From the line containing "Gros plan sur" down to the last line of the entries, print each line exactly and leave the pictures out.

[Opening SUPPLIED MATERIAL section]

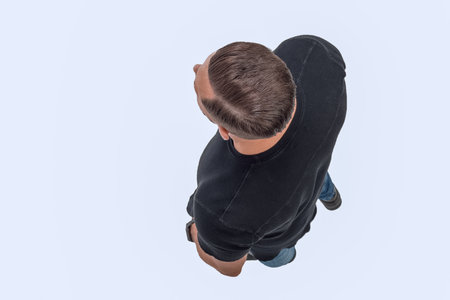 top view. confident young man. isolated on whiteの写真素材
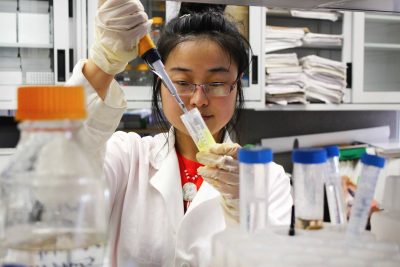 A faculty member looking inside a tube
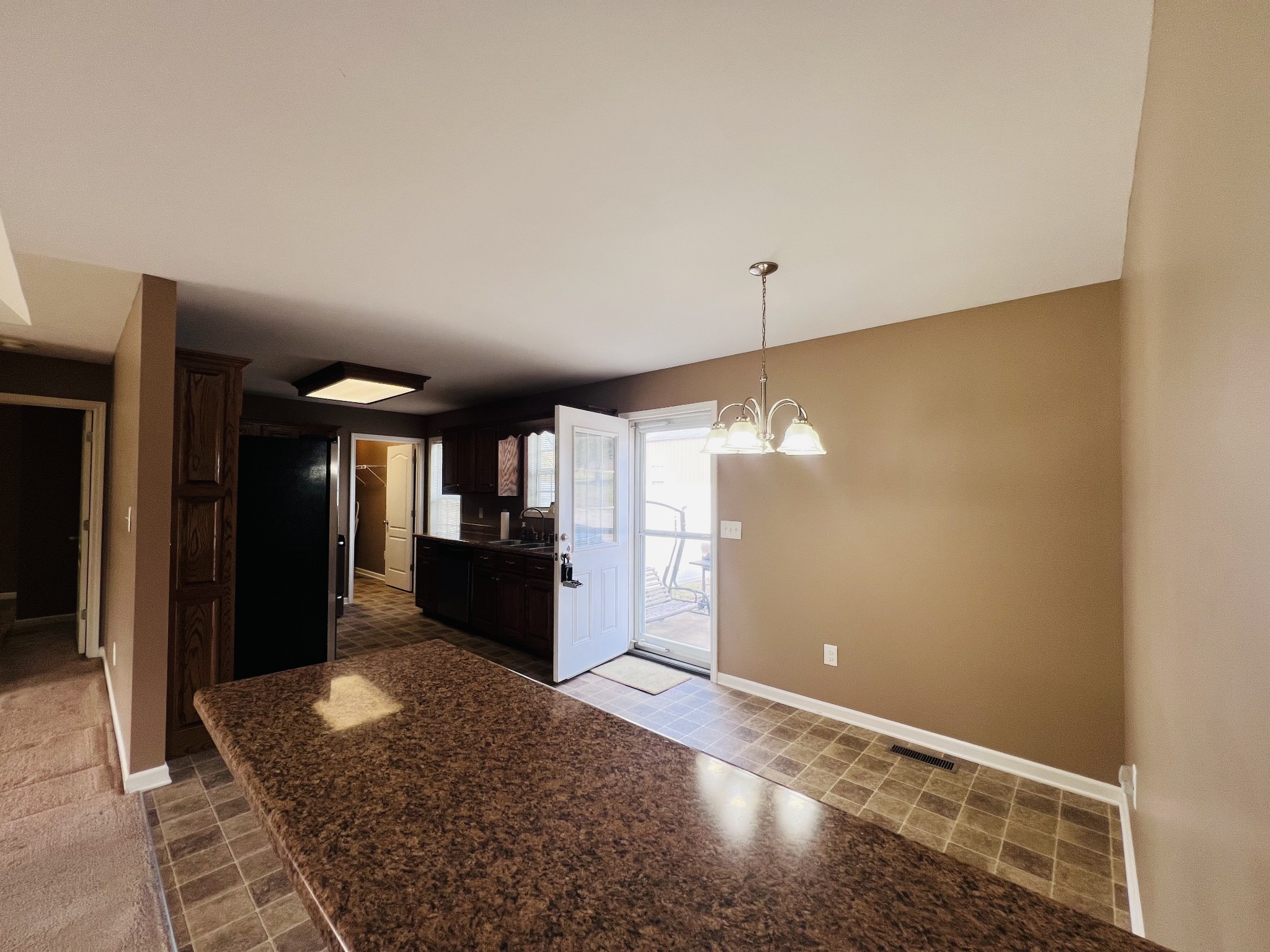 8659 Dog Branch Road Mount Pleasant, TN 38474 - Photo 19 of 44 a view of a hallway with wooden floor and staircase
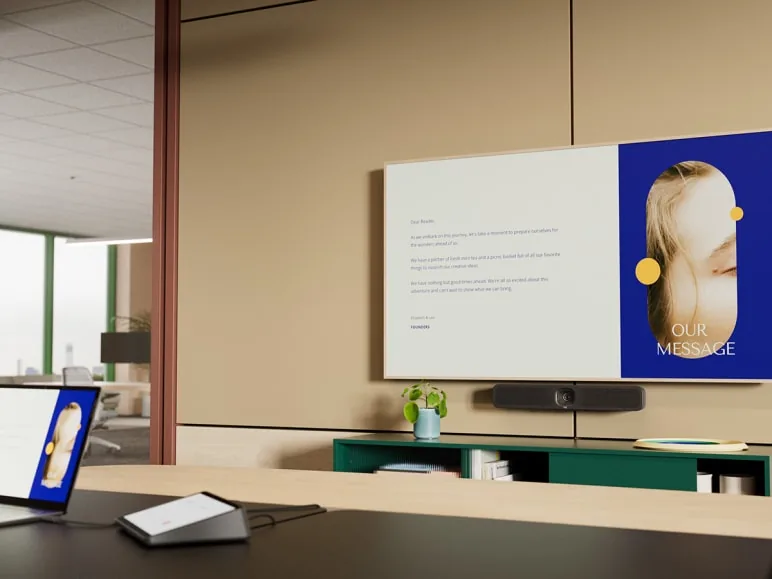 Meeting room set up for laptop-driven presentation over a wall display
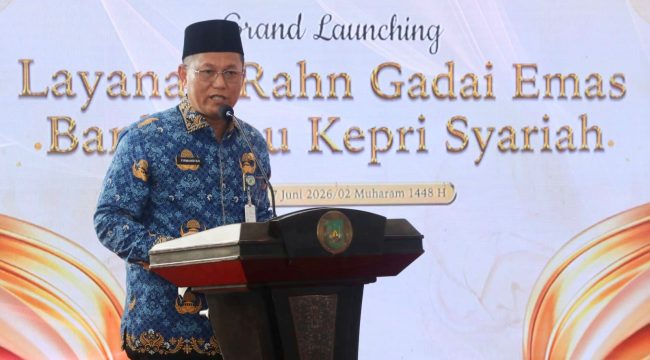 Sekda Kota Batam, Firmansyah, menyampaikan sambutan saat menghadiri Grand Launching Layanan Gadai Emas Rahn di Kantor BRK Syariah Cabang Sei Panas, Batam, Rabu (17/6/2026). 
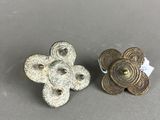 a pair of small metal buttons on a gray surface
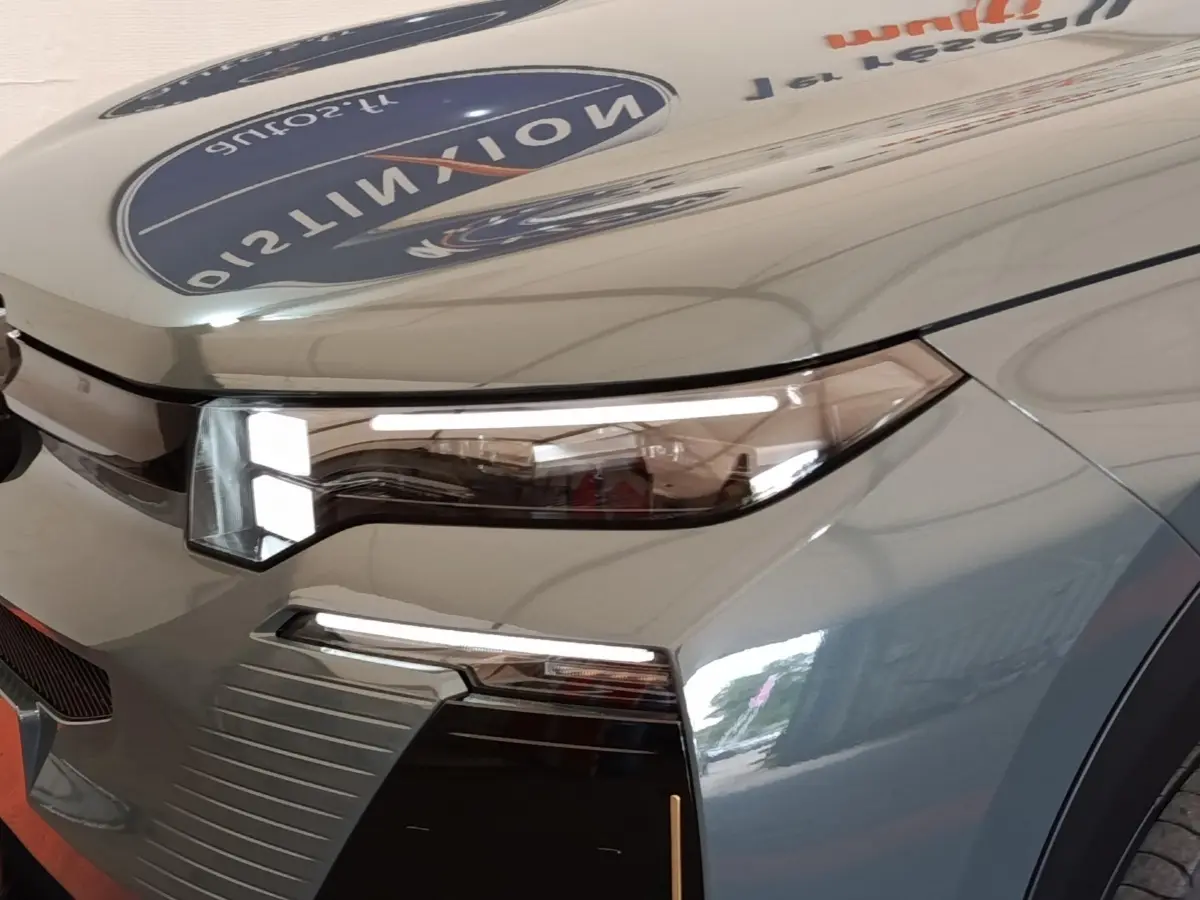 Gros plan sur l'avant droit vert métallisé du Citroën C5 Hybride 145ch avec phares LED et calandre distinctive.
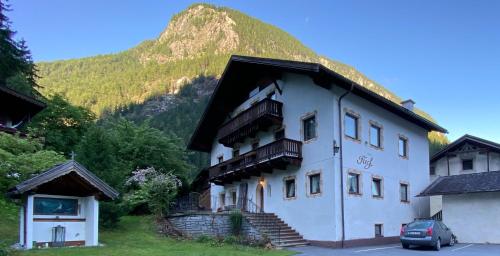 un grande edificio bianco con una montagna sullo sfondo di Haus Fiegl a Oetz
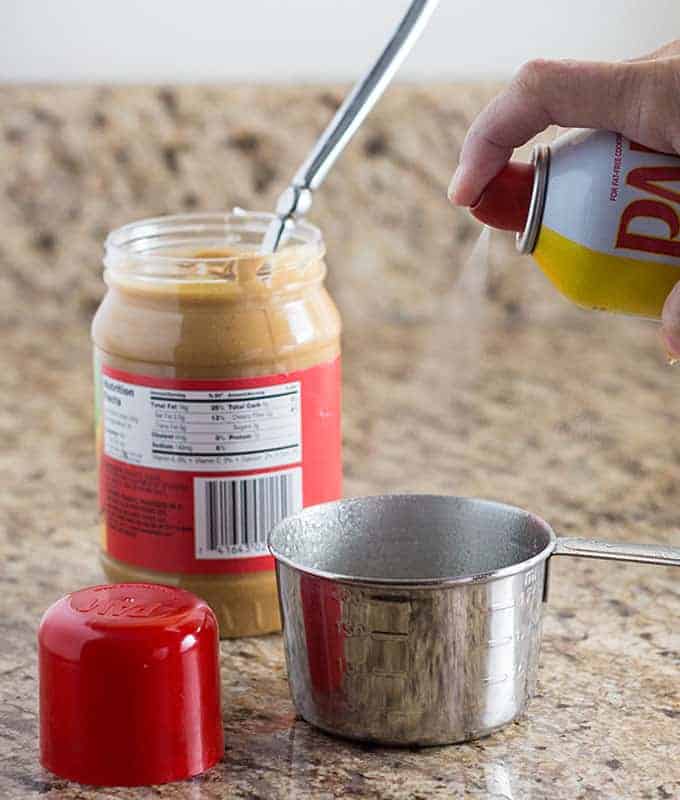 A measuring cup being sprayed with cooking spray beside a jar of peanut butter.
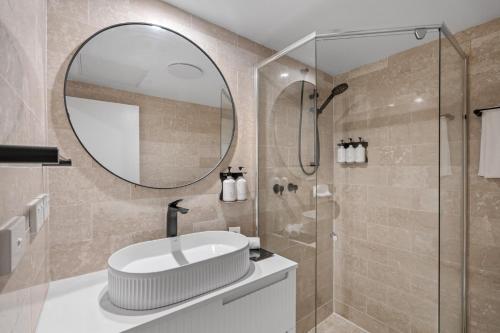 a bathroom with a sink and a mirror at Silkari Mirage at Newport in Newport
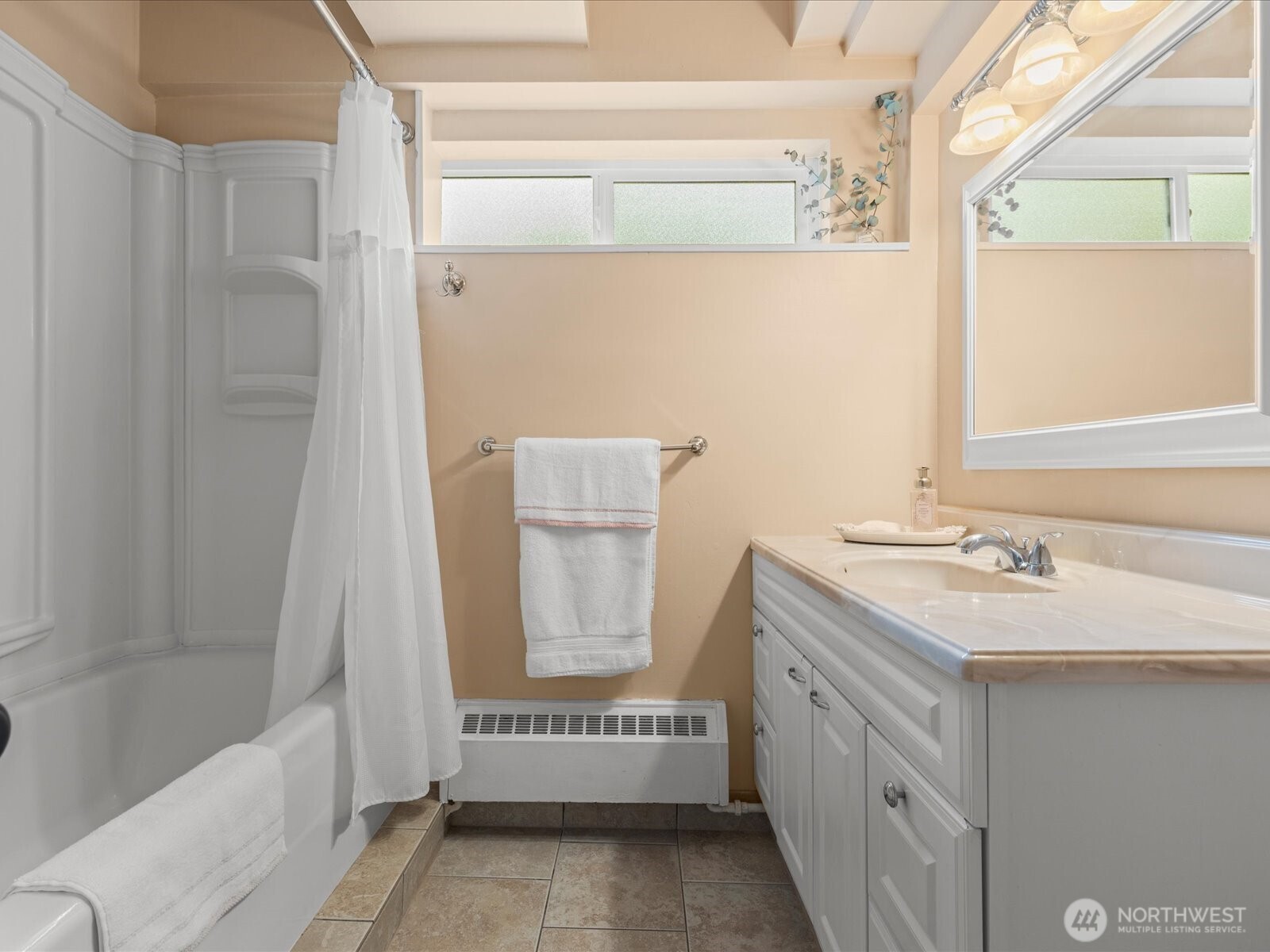 1401 Southwest 137th Street Burien, WA 98166 - Photo 34 of 40 a bathroom with a sink and a mirror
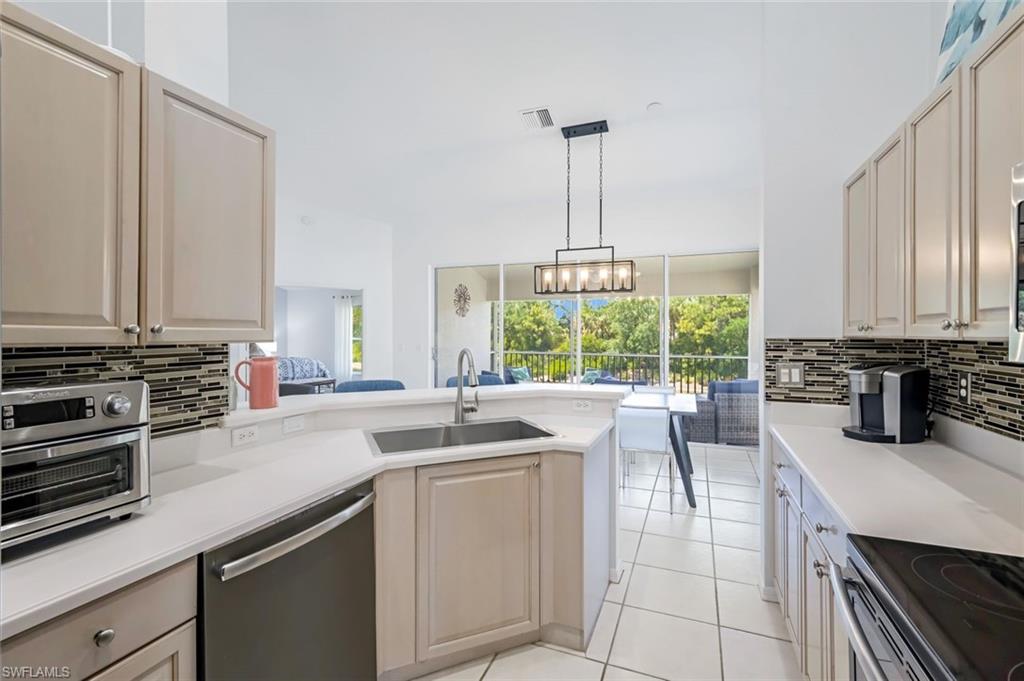 5360 Andover Drive, Unit 202 Naples, FL 34110 - Photo 9 of 25 a kitchen with a sink stove and cabinets
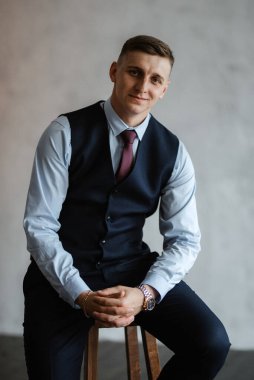 Stüdyoda mavi takım elbiseli neşeli bir damadın portresi.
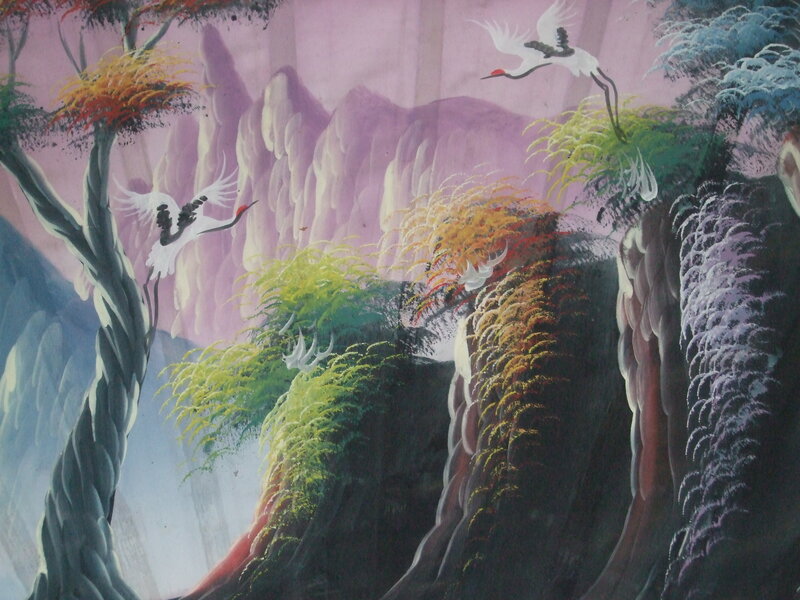 Cranes Flying over Mountains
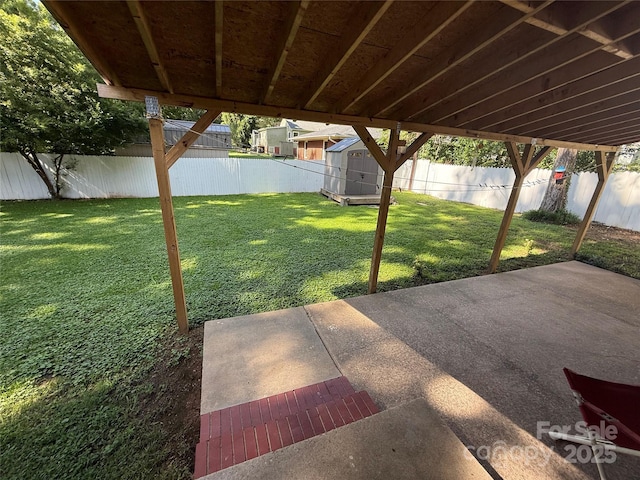 708 E St Unit 8, 9, Albemarle, NC 28001 - fenced backyard featuring a patio area and a storage unit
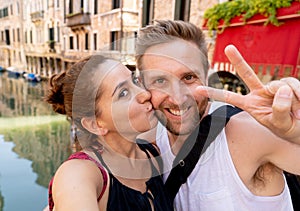 Sweet couple in love taking a selfie in Venice Italy while traveling around europe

[Closing SUPPLIED MATERIAL section]

**SOLUTION FOR THIS EXERCISE**
 Gros plan sur l'avant droit vert métallisé du Citroën C5 Hybride 145ch avec phares LED et calandre distinctive.
 un grande edificio bianco con una montagna sullo sfondo di Haus Fiegl a Oetz
 A measuring cup being sprayed with cooking spray beside a jar of peanut butter.
 a bathroom with a sink and a mirror at Silkari Mirage at Newport in Newport
 1401 Southwest 137th Street Burien, WA 98166 - Photo 34 of 40 a bathroom with a sink and a mirror
 5360 Andover Drive, Unit 202 Naples, FL 34110 - Photo 9 of 25 a kitchen with a sink stove and cabinets
 Stüdyoda mavi takım elbiseli neşeli bir damadın portresi.
 Cranes Flying over Mountains
 708 E St Unit 8, 9, Albemarle, NC 28001 - fenced backyard featuring a patio area and a storage unit
 Sweet couple in love taking a selfie in Venice Italy while traveling around europe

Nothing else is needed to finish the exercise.